BEGIN Data to process

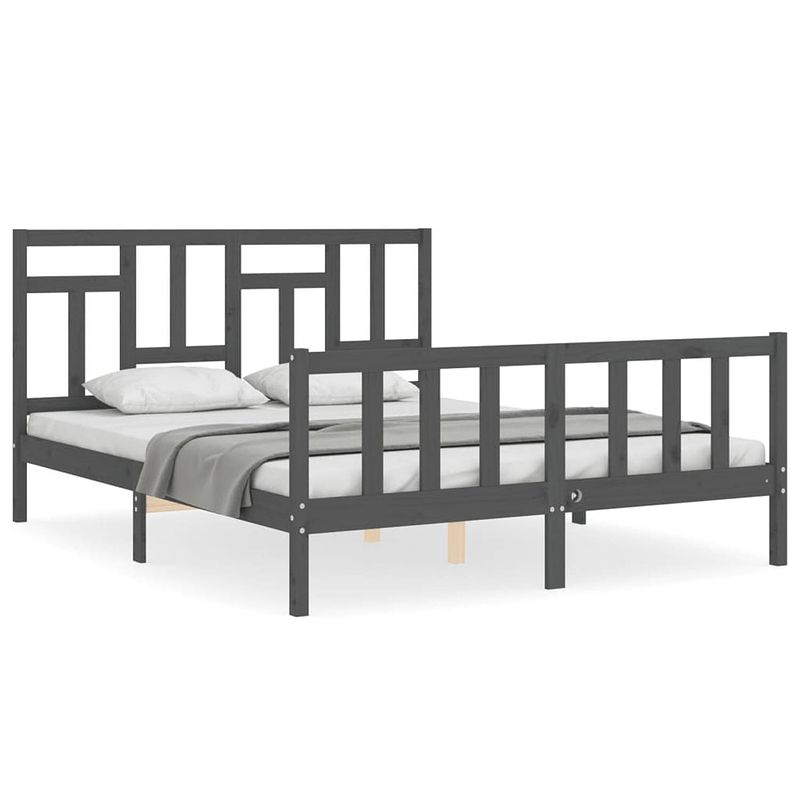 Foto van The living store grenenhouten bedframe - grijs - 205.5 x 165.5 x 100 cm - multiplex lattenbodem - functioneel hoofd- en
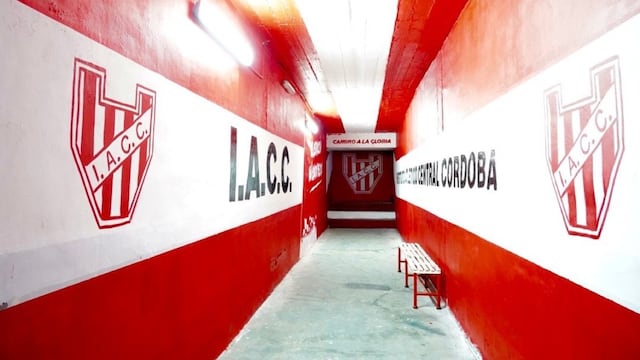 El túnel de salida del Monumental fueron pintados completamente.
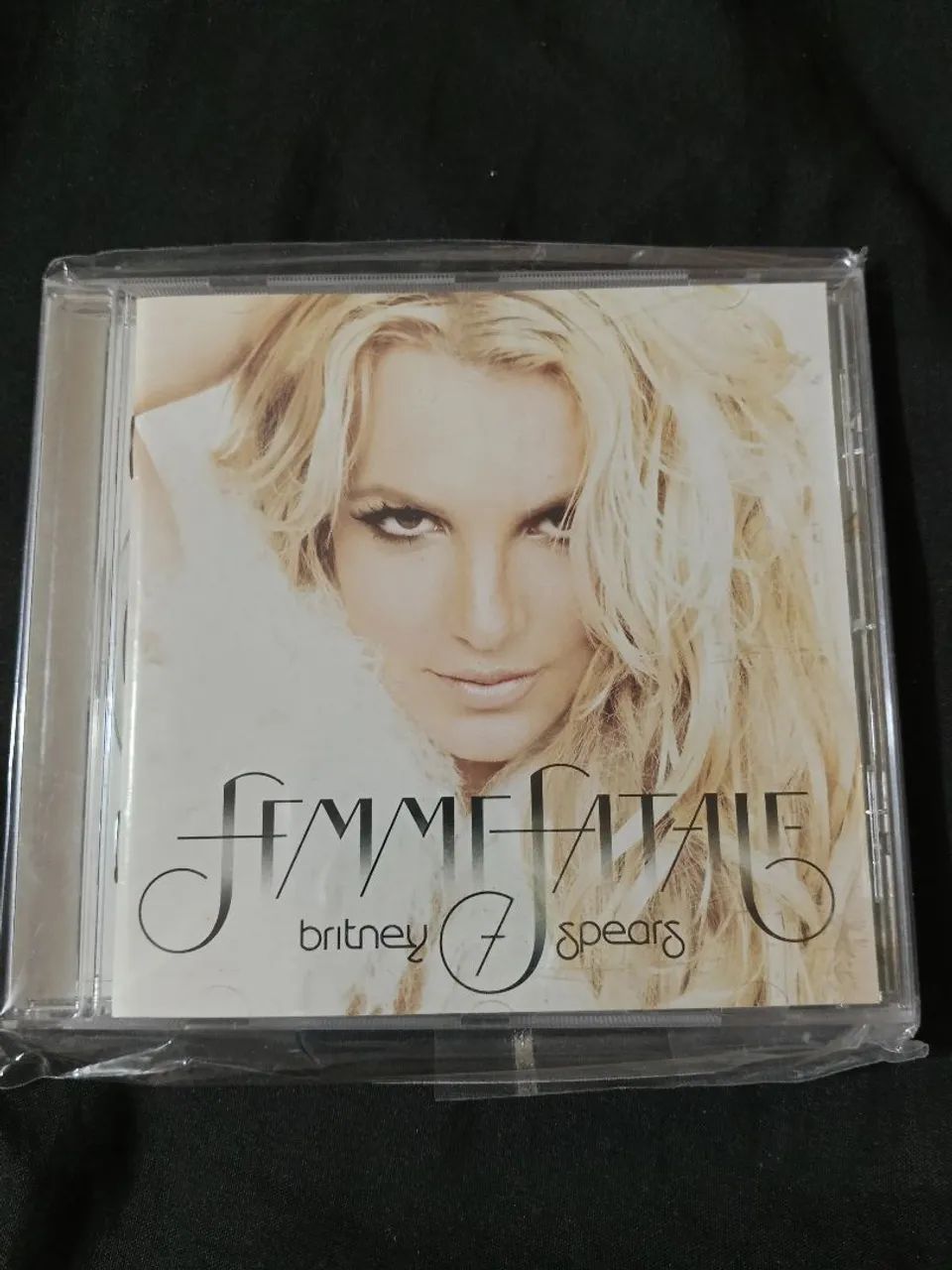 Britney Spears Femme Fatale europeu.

END Data to process
BEGIN Data to process

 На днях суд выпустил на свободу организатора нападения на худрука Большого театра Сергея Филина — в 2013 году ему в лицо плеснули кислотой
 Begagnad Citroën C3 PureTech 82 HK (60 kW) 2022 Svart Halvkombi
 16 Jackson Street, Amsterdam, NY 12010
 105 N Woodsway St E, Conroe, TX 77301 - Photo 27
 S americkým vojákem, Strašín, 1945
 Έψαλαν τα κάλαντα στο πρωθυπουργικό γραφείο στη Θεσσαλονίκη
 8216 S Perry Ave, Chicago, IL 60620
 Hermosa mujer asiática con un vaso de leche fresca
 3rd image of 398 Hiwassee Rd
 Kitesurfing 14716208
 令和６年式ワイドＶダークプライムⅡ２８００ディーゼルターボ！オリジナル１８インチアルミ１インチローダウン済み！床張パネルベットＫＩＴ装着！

END Data to process

Work order: Take the lines above from the one containing "Hermosa mujer asiática" to the one containing "令和６年式ワイドＶダークプラ" and retype them exactly, both ends included, with nothing added.

Output for this exercise:
 Hermosa mujer asiática con un vaso de leche fresca
 3rd image of 398 Hiwassee Rd
 Kitesurfing 14716208
 令和６年式ワイドＶダークプライムⅡ２８００ディーゼルターボ！オリジナル１８インチアルミ１インチローダウン済み！床張パネルベットＫＩＴ装着！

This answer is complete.